What we have said as to the validity of the choice of the subjects of the tax is applicable in large measure to the choice of beneficiaries of the relief. In establishing a system of unemployment benefits the legislature is not bound to occupy the whole field. It may strike at the evil where it is most felt, Otis v. Parker, 187 U. S. 606, 610; Carroll v. Greenwich Insurance Co., 199 U. S. 401, 411; Lindsley v. Natural Carbonic Gas Co., 220 U. S. 61, 81; Central Lumber Co. V. South Dakota, 226 U. S. 157, 160; Rosenthal v. New York, 226 U. S. 260, 270; Patsone v. Pennsylvania, 232 U. S. 138, 144; Keokee Coke Co. v. Taylor, 234 U. S. 224, 227; Silver v. Silver, 280 U. S. 117, 123; Hardware Dealers Mutual Fire Ins. Co. v. Glidden Co., 284 U. S. 151, 159, or where it is most practicable to deal with it, Dominion Hotel, Inc. v. Arizona, 249 U. S. 265, 268-269. It may exclude others whose need is less, N.Y., N.H. & Hartford R. Co. v. New York, 165 U. S. 628, 634; St. Louis Consol. Coal Co. v. Illinois, 185, U. S. 203, 208; Engel v. O'Malley, 219 U. S.128, 138; N.Y. Central R. Co. v. White, 243 U. S. 188, 208; Radice v. New York, 264 U. S. 292, 294; No. 293, West Coast Hotel Co. v. Parrish, March 29, 1937, or whose effective aid is attended by inconvenience which is greater, Dominion Hotel, Inc. v. Arizona, supra; Atlantic Coast Line B. Co. v. State, 135 Ga. 545, at 555-556, as affirmed and approved, Atlantic Coast Line R. Co. v. Georgia, 234 U. S. 280, 289.
As we cannot say that these considerations did not lead to the selection of the classes of employees entitled to unemployment benefits, and as a state of facts may reasonably be conceived which would support the selection, its constitutionality must be sustained. There is a basis, on grounds of administrative convenience and expense, for adopting a classification which would permit the use of records, kept by the taxpayer and open to the tax gatherer, as an aid to the administration of benefit awards, as is the case here, where the recipients of benefits are selected from the employees of those who pay the tax.
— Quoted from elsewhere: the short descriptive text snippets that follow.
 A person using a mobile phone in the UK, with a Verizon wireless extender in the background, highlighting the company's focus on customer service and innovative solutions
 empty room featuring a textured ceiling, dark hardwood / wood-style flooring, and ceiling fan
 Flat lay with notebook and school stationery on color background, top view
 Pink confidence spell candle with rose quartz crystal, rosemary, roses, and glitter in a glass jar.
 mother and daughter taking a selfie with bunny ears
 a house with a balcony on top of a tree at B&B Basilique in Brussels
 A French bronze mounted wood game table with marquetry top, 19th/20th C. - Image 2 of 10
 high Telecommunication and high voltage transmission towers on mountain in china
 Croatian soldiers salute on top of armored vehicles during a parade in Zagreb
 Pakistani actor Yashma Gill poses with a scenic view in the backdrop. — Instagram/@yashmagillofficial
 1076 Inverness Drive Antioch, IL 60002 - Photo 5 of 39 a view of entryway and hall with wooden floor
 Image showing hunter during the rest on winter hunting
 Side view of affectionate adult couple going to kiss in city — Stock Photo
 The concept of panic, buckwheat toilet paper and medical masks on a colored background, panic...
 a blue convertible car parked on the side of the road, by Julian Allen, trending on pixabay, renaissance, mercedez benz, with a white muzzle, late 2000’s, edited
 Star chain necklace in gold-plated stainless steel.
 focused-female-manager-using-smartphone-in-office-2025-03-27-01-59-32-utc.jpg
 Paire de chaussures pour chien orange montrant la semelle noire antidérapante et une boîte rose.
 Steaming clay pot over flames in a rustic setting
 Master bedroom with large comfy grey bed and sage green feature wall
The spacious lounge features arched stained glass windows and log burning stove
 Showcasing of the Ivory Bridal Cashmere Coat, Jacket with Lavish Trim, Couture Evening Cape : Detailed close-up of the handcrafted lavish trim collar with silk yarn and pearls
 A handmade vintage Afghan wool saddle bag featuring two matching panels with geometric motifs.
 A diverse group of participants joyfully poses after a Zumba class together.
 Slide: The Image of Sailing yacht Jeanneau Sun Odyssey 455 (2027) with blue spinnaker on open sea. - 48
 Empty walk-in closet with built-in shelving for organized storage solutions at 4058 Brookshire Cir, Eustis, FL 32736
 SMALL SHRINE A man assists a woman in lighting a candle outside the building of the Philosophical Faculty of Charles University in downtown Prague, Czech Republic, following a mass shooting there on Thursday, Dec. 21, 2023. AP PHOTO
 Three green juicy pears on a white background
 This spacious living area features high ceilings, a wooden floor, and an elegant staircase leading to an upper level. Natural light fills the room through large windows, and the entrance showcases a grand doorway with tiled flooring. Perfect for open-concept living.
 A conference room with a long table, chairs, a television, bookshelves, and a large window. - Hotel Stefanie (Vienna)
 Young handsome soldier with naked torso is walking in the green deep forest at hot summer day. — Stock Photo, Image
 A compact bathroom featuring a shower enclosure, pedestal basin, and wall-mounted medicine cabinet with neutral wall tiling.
Special complaint is made of the discrimination against those with only six co-workers, as contrasted with those who have more. We have already shown that a distinction in terms of the number of employees is not on its face invalid. 12 Here the legislative choice finds support in the conclusion reached by students of the problem,13 that unemployment is less likely to occur in businesses having a small number of employees.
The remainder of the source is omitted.